Our goal for the day was to make the most of what might be the last decent weather we would have in the southeast. Dave had been working a fun and dynamic roof problem that he wanted to finish, and one of the other folks had only been climbing for one week, and in the gym. Needless to say, we were excited to even be outside in late April with slightly cool temps, and extra pumped to go on someone’s first outdoor bouldering experience
Ray makes his way across the Loop Traverse.
We warmed up on the Ozzy Loop Traverse, a circular problem that you can start whichever way you prefer. Going up the middle of this oval traverse is a proud eighteen-foot line, General Lee, that had eluded me for quite a while. As we warmed up, we decided to goof around on General Lee before moving on.
The rock itself is only barely a slab, just under being completely vertical. And with a rating of V3, it seemed like we had to be missing something in our beta or that it was graded by someone a bit taller. It starts with a long move from a jug with a high foot to a small, but positive right hand crimp slot. Once there, you can add your left hand to a sloping crimp slightly above eye level. And this, this is where you could see what looked like a good crimp, about six inchesout of reach (as someone who’s 5’8” with a +2 ape index).

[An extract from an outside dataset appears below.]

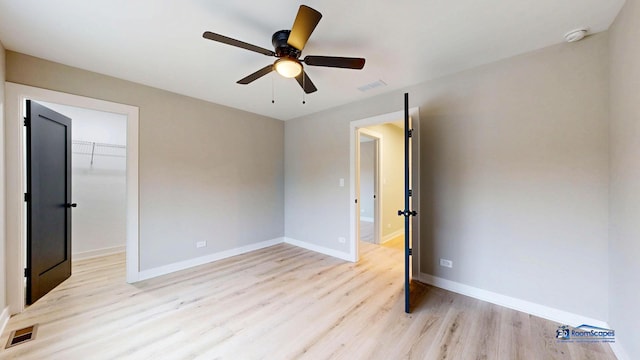 300 N Lockwood Ave, Chicago, IL 60644 - empty room featuring a smoke detector, light wood-type flooring, and a ceiling fan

Dave looks up, searching for something, before we'd discovered the secret to sending General Lee.
So we were stuck hitting this point, about six or seven feet off the ground, over and over again, until I saw a small sloping edge about knee high for my right foot. The slab is so close to vertical that I didn’t want to test my weight on it, but I was tired of being shut down on this problem. I stepped onto it, it held my weight and my left hand didn’t dry fire. So I stood up just to the right distance for the next hold. When I landed on it, I was so surprised to find myself loving the hold that I fell back off of it!
With the new foot I’d found, I was about nine feet off the deck, and the two pads I fell on didn’t cushion me as much as I expected. I felt encouraged by the progress (finally), but slightly scared falling from the new height. I decided to give it one more go, and I could feel the anxious excitement that comes when your project feels mortal.
I made the moves up to my previous high point with muscle memory ease, hiked my foot up, and latched the next crimp with a sloth-like slowness. I’m happy to saw it was still good. But when I did, the fear of failure and falling became much more prominent. I’d always viewed the rest of the problem as being “over” at that point. I wanted to finish the problem, and instead of trying to overcome the fear invading me like Attila the Hun, I allowed it mix with my determination to send.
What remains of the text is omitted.